TASK REQUIREMENTS: Return the data exactly, with all pictures removed.

COLLECTED MATERIAL:
.....
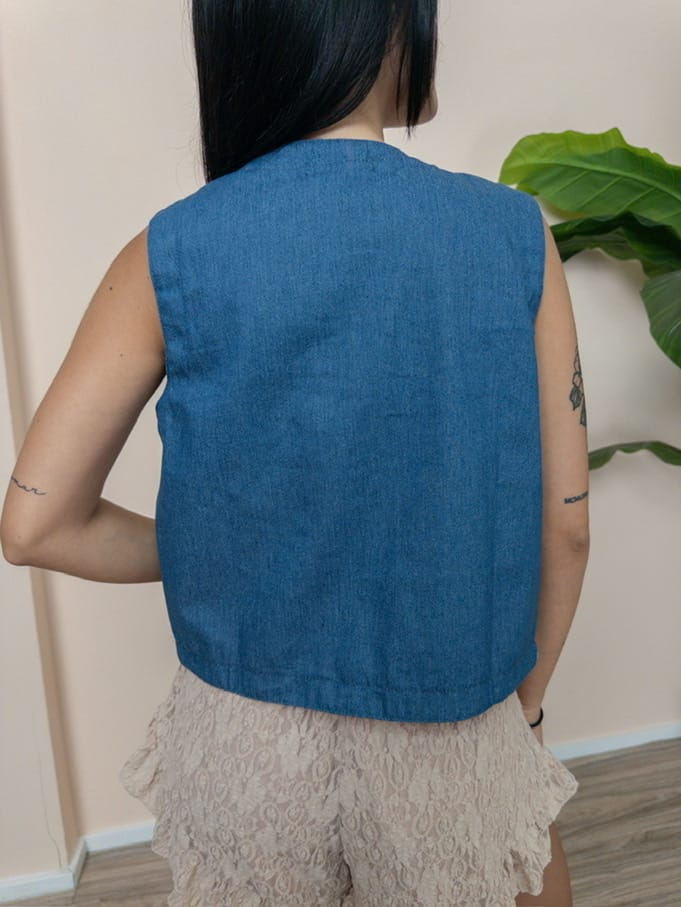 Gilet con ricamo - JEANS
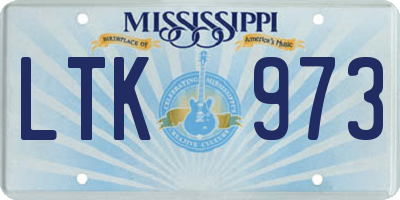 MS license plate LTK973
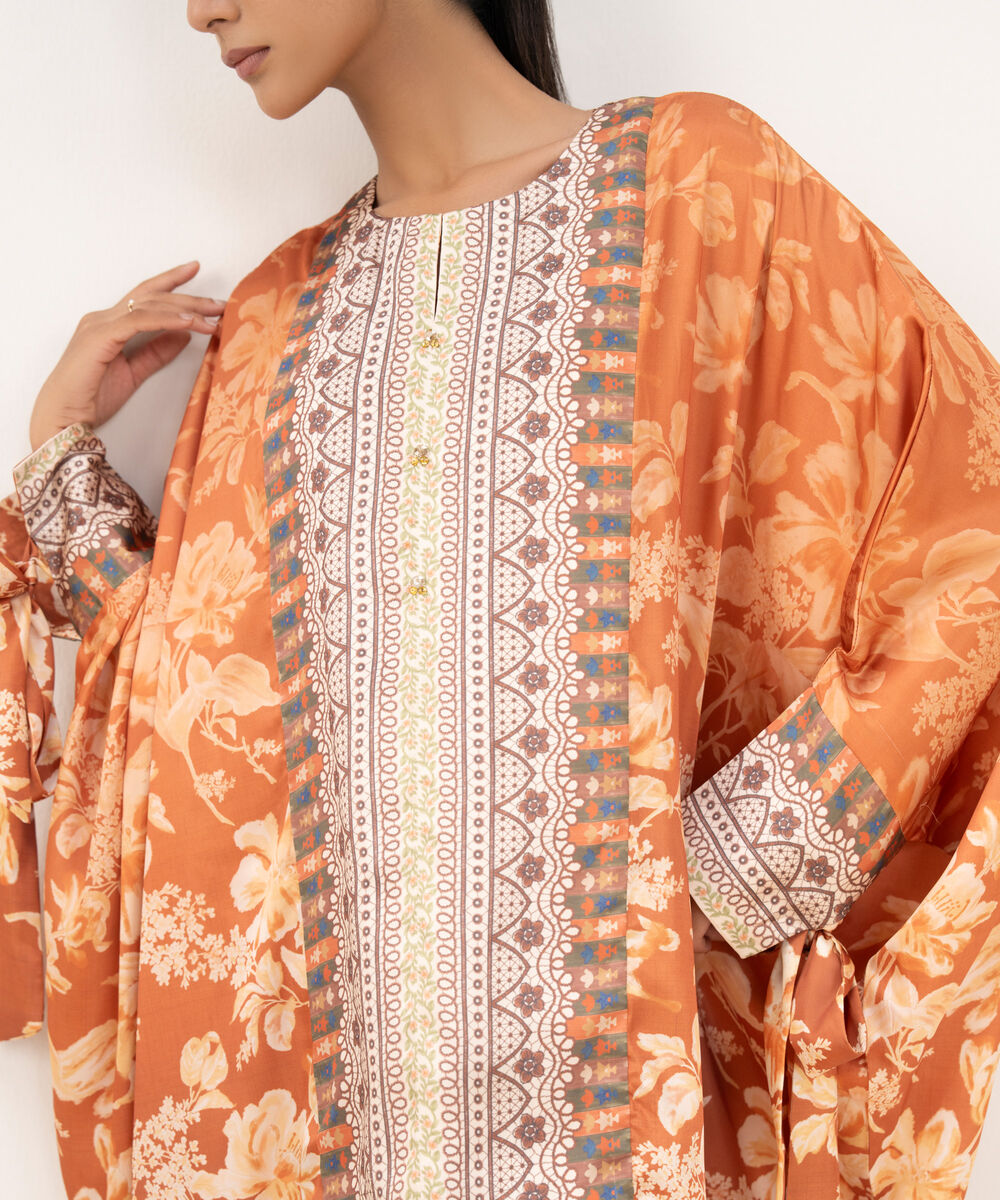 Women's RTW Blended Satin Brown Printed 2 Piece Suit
.....
RESPONSE BELOW:
 Gilet con ricamo - JEANS
 MS license plate LTK973
 Women's RTW Blended Satin Brown Printed 2 Piece Suit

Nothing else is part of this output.